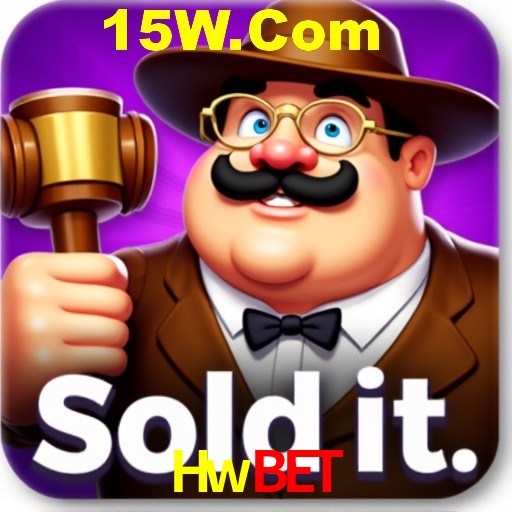 Hwbet São Paulo - All Bonuses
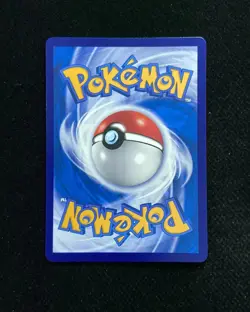 2025 Pokemon TCG S-Chinese Spidops ex #CSV1C 136/127 SR Super Rare Holo XX88 - Image 2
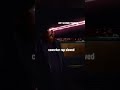 Coworker Rap Slowed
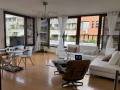 Под наем 3-СТАЕН, град София, Кръстова вада • 1500 € • 57183098 — Holmes.bg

— THE PROBLEM —
All of the material above should be set down again exactly, though not its pictures.

— OUTPUT OF THE TASK —
 Hwbet São Paulo - All Bonuses
 2025 Pokemon TCG S-Chinese Spidops ex #CSV1C 136/127 SR Super Rare Holo XX88 - Image 2
 Coworker Rap Slowed
 Под наем 3-СТАЕН, град София, Кръстова вада • 1500 € • 57183098 — Holmes.bg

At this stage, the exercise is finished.